The strangest gift I ever received is a small Belgian weasel that has been dead for more than a century.
His name is Ernie, and he lives on my desk here at The Tyee. His face is set in a permanent snarl. His fur is a matted, dirty gold. He’s perched on what is either a rock or a fossilized piece of wood or fungus. There’s a small tear in his fur near one of his armpits where you can see the stuffing spilling out. He’s ugly as sin.
I’ve trucked this taxidermy ermine with me for about half a decade, ever since a good friend gave it to me as a mock goodbye gift when I left university. About five of us gathered in a little apartment, seeing how many minutes we could stretch together until the train arrived.
So long as I kept it, he said with a jokester’s smile, we’ll stay friends. As it turns out, Ernie was sort of a gift from the group of friends, who had consecutively gifted Ernie to each other and then, finally, to me. Thus began the brotherhood of the travelling ermine.

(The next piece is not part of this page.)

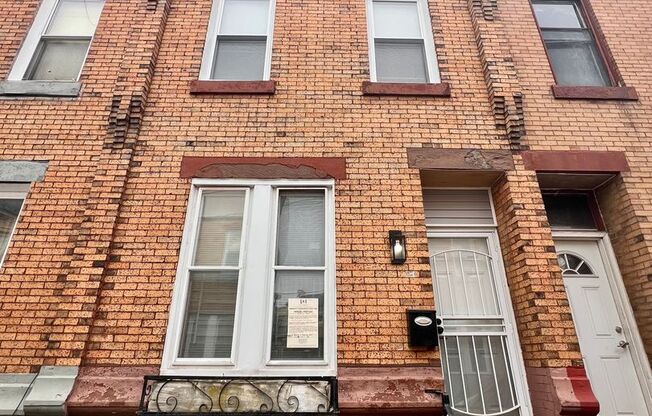 Stunning 3-Bedroom Townhome just Outside Brewerytown! Available NOW!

Ernie lived a presumably adequate life in Belgium. The circumstances of his death are unknown and should stay such. He was collected by an auntie of a friend, who then inherited Ernie and gave him to another friend, who may have given it to another, after which Ernie finally found his way to me.
Since then, Ernie has been a desk ornament in three countries, four cities and five different jobs. In Washington, D.C., I was reliably told that when I was out of the office my co-workers would ponder my desk and refer to me as “the weasel guy.” In Saskatoon, a colleague would occasionally enquire about my “stuffed rat.” When the COVID-19 pandemic came to Saskatchewan, Ernie was one of the newsroom possessions I quickly grabbed for what would turn into two and a half years of working from home.

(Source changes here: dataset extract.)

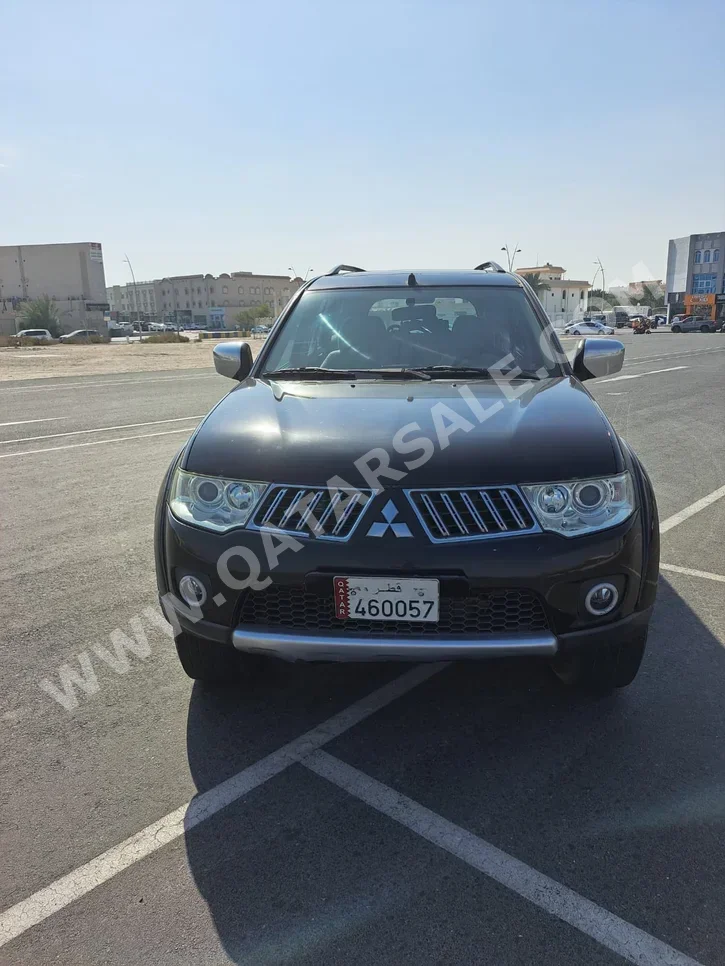 Mitsubishi  Pajero  Sport  2010  Automatic  295,000 Km  6 Cylinder  Rear Wheel Drive (RWD)  SUV  Black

I haven’t seen the gang who collectively gave me Ernie for a long, long while. The pandemic bifurcated my early 20s. Years I hoped to spend travelling were spent in front of my little home office desk with Ernie, reporting on the worst global health crisis in a century. When I spoke with COVID-19 patients in hospital or grilled a politician on their response, Ernie was my only company. Like everyone, I found substitutes to human company. I had Zoom beers, Zoom coffees, Zoom luncheons. I went for walks and binged podcasts and called friends near and far. But many of those relationships already strained by time and distance withered like vines in a drought. It’s too simple to say the world got smaller, because it takes the responsibility out of our hands. It’s more accurate to say it shrunk, like a sweater we carelessly tossed in the dryer only to find it no longer fits.

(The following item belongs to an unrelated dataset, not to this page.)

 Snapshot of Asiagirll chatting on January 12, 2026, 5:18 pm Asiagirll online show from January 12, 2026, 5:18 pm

What I had in abundance is time to think about, for example, a stuffed ermine. I haven’t seen the friend who gave me Ernie in a long, long while. We were college pals, dropped off in a strange, unfamiliar place with hundreds of other pretentious 18-year-olds and not a drop of common sense between us. Everything felt new and nothing felt permanent. And sure enough, it ends. People move farther away in more ways than one. COVID-19 only accelerated the process, pushing us more into our own corners. What’s stranger to me is when friendships ferment, changing through inaction. You wonder if the stuff inside has stayed the same.
In this time of pandemic limbo, old acquaintances flung far and wide, I do the best I can to keep the bonds alive — a phone call, an Instagram message, a visit in person where we both shyly apologize and decide to pick things back up right where we left them.
The other day I called one of Ernie’s previous owners. To be precise, he was the friend who gave it to the friend who gave it to me. We hadn’t spoken for about a year. We both, as he put it, had a bit of a “blackout.” I caught him in a bar in Boston, a few days before he headed home for the holidays. We spoke for about 30 minutes, and after the first five it felt like nothing had changed.
I told him I hope to see him this year. Until then, Ernie symbolizes what makes a good and lasting friendship: a shared laugh at life’s absurdity that refuses to decay.